Johannes Gutenberg-University of Mainz , 55128 Mainz, Germany.
J Chem Inf Model. 2011 Nov 28;51(11):3017-25. doi: 10.1021/ci200278w. Epub 2011 Oct 26.
The reasons for distortions from optimal α-helical geometry are widely unknown, but their influences on structural changes of proteins are significant. Hence, their prediction is a crucial problem in structural bioinformatics. For the particular case of kink prediction, we generated a data set of 132 membrane proteins containing 1014 manually labeled helices and examined the environment of kinks. Our sequence analysis confirms the great relevance of proline and reveals disproportionately high occurrences of glycine and serine at kink positions. The structural analysis shows significantly different solvent accessible surface area mean values for kinked and nonkinked helices. More important, we used this data set to validate string kernels for support vector machines as a new kink prediction method. Applying the new predictor, about 80% of all helices could be correctly predicted as kinked or nonkinked even when focusing on small helical fragments. The results exceed recently reported accuracies of alternative approaches and are a consequence of both the method and the data set.

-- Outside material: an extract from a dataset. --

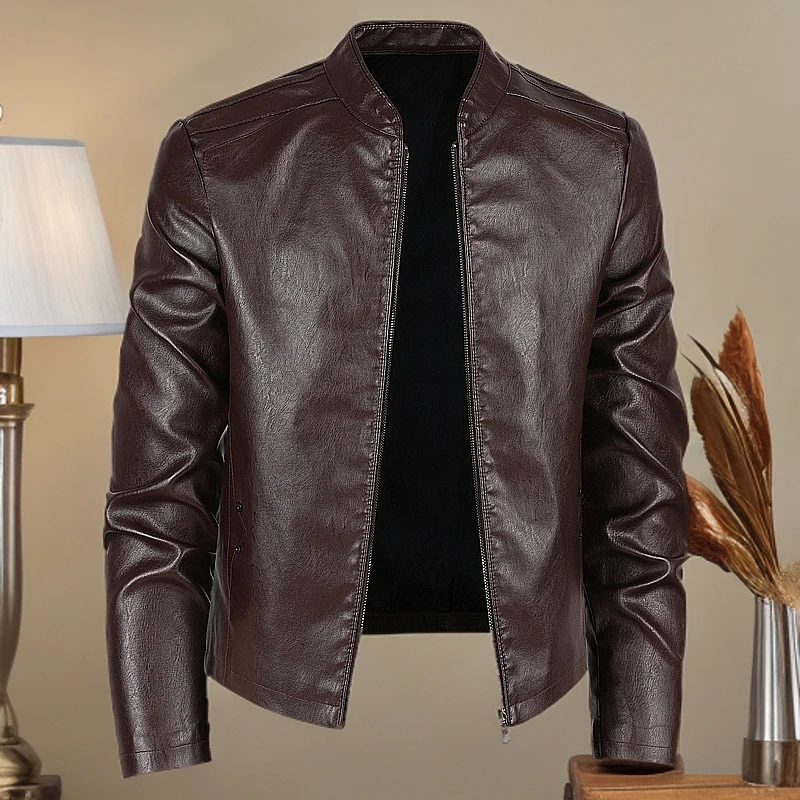 秋冬男士皮衣外套保暖加绒休闲百搭韩版修身立领短款青年皮夹克男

扭曲偏离最佳α-螺旋几何形状的原因尚不清楚,但它们对蛋白质结构变化的影响是显著的。因此,它们的预测是结构生物信息学中的一个关键问题。对于扭结预测这一特殊情况,我们生成了一个包含 1014 个手动标记螺旋的 132 种膜蛋白数据集,并检查了扭结的环境。我们的序列分析证实了脯氨酸的重要相关性,并揭示了扭结位置甘氨酸和丝氨酸的异常高出现率。结构分析表明,扭结和非扭结螺旋的溶剂可及表面积平均值有显著差异。更重要的是,我们使用这个数据集来验证支持向量机的字符串核作为一种新的扭结预测方法。应用新的预测器,即使只关注小的螺旋片段,也可以正确预测大约 80%的所有螺旋是否扭结或非扭结。这些结果超过了最近报道的替代方法的准确性,是方法和数据集共同作用的结果。